Consider their ironclad assurance that blockchains are un-hackable:
January 2018: “The beauty of blockchain technology is that it enables a digital marketplace that is both decentralised yet tamper-resistant. Transactions are recorded chronologically in a distributed ledger that is transparent to its participants but encrypted so nobody can cheat by changing or faking transactions. Agreed business rules, logic, and contract terms can also be programmed to automate transactions, known as ‘smart contracts’. — Nelson Ganados, Executive Director of the Institute for Entertainment, Media, Sports and Culture at Pepperdine University
January 2019: Hackers gained control of more than half of the blockchain exchange on Coinbase and rewrote transaction history, enabling them to spend the cryptocurrency on the exchange more than once (called “double spends”). While US$1.1m was threatened, the hacker did not take money (perhaps satisfied to just show he could). But a second attack on another popular exchange — gate.io — cost that company $200,000 (but the hacker returned half of it days later).
In all, blockchain exchanges previously thought to be un-hackable actually have been hacked to the tune of US$2b since 2017, and that’s just the amount revealed publicly, reported Mike Orcutt in MIT TechnologyReview.

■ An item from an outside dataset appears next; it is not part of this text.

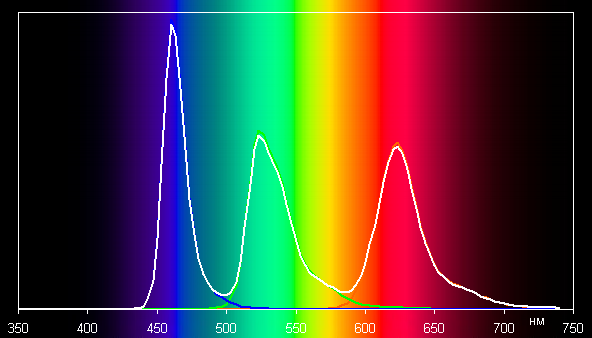 Обзор портативной рабочей станции Acer Swift X 14 (SFX14-72G-72DH) Обзор портативной рабочей станции Acer Swift X 14 (SFX14-72G-72DH)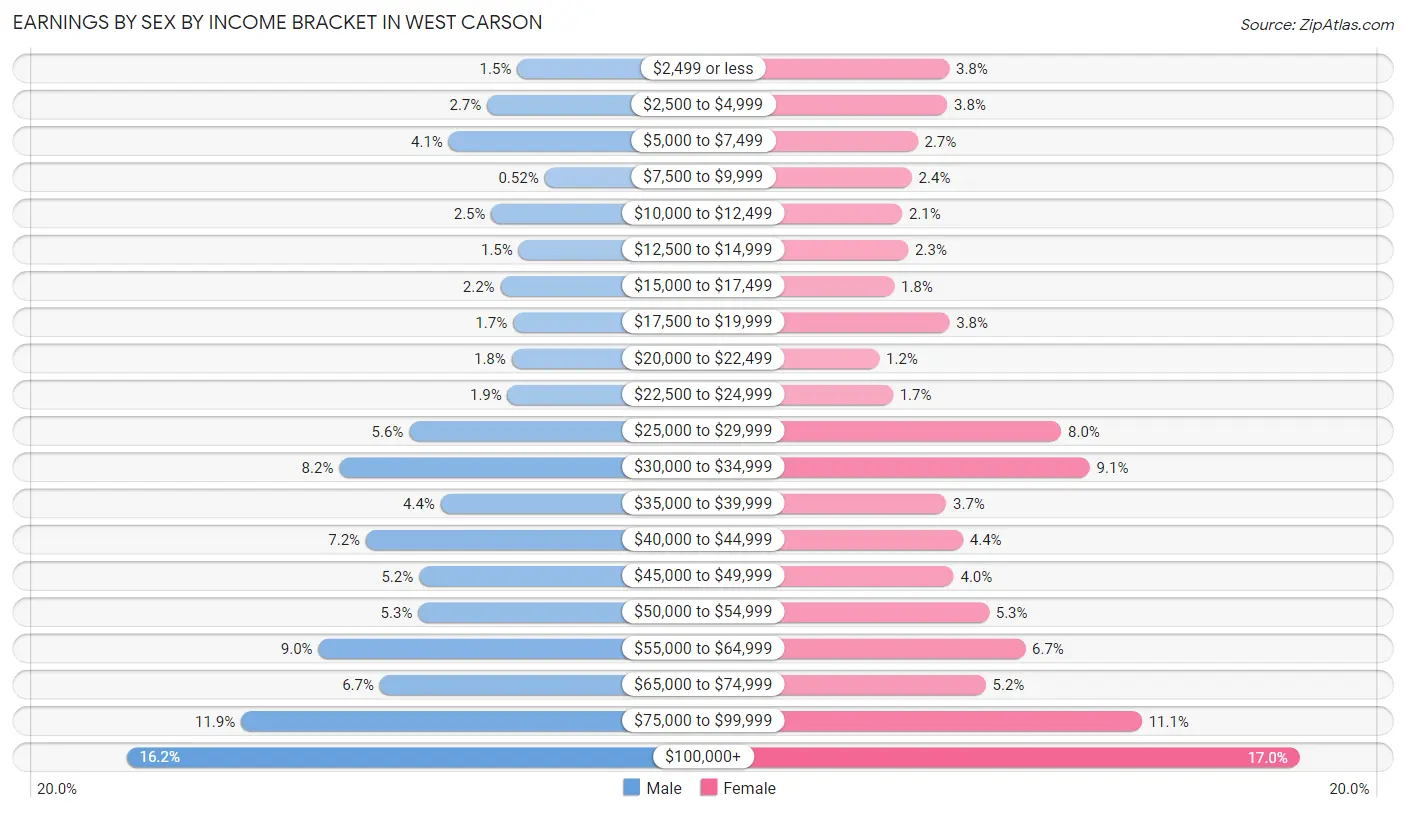 Earnings by Sex by Income Bracket in West Carson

“These are not just opportunistic lone attackers, either. Sophisticated cybercrime organisations are now doing it too: Analytics firm Chainalysis recently said that just two groups, both of which are apparently still active, may have stolen a combined $1 billion from exchanges,” wrote Orcutt.

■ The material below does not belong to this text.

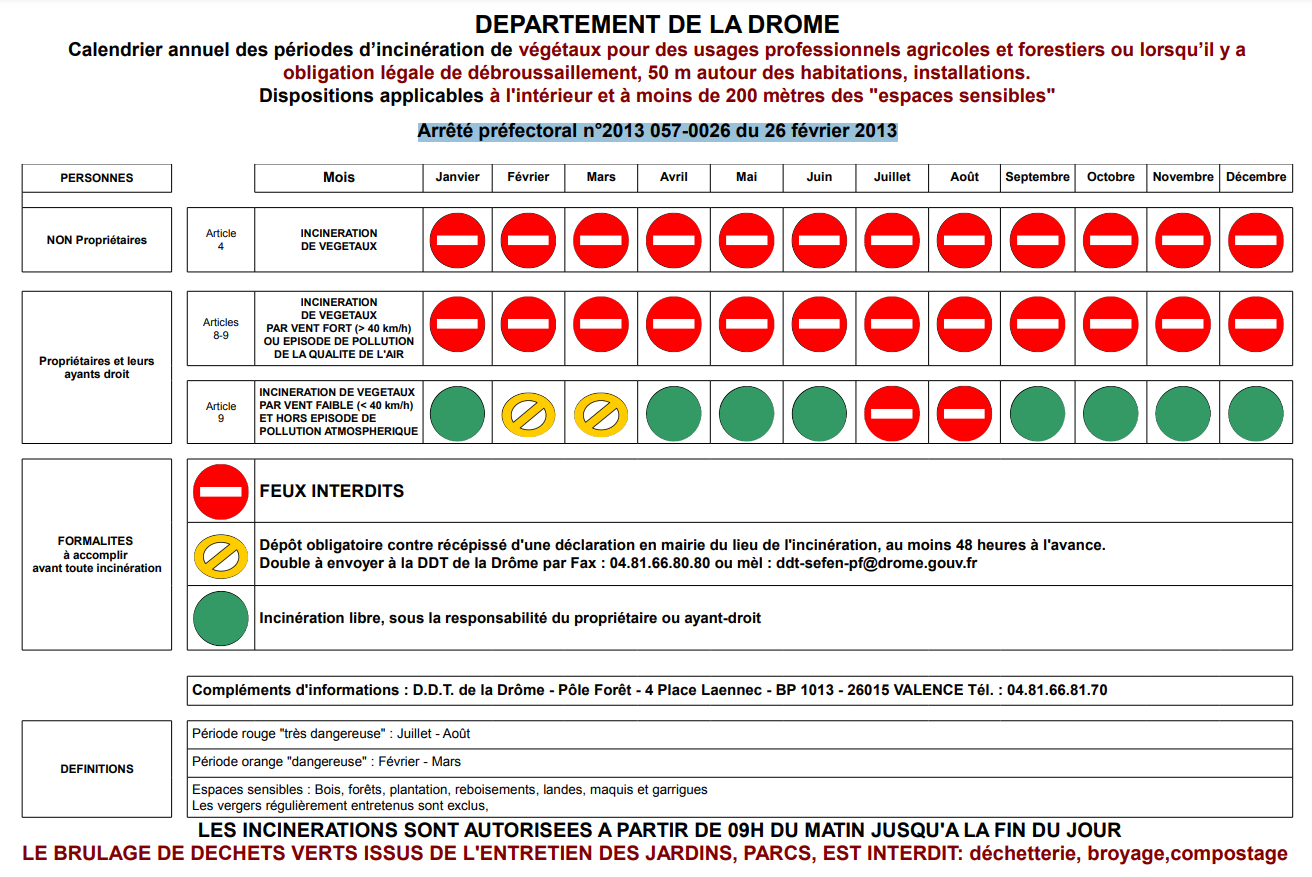 Calendrier Incinération des végétaux.png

“The very nature of public blockchains means that if a smart-contract bug exists, hackers will find it, since the source code is often visible on the blockchain,” he wrote.
The supposed impervious nature of blockchain was one of the reasons its advocates saw it as the future. Now, not unlike ad fraud, it sounds like a race for blockchain programmers to get and stay ahead of the hackers.
So, what should media companies do about blockchain and cryptocurrency?
The advice from Deloitte rings true. Their caution against irrational exuberance and the blind pursuit of the next shiny thing makes sense. Watch, perhaps invest in a blockchain start-up, investigate blockchain consortiums, and examine your business practices and workflows for areas where blockchain could make a difference.
But don’t write it off. We’ve made that mistake before.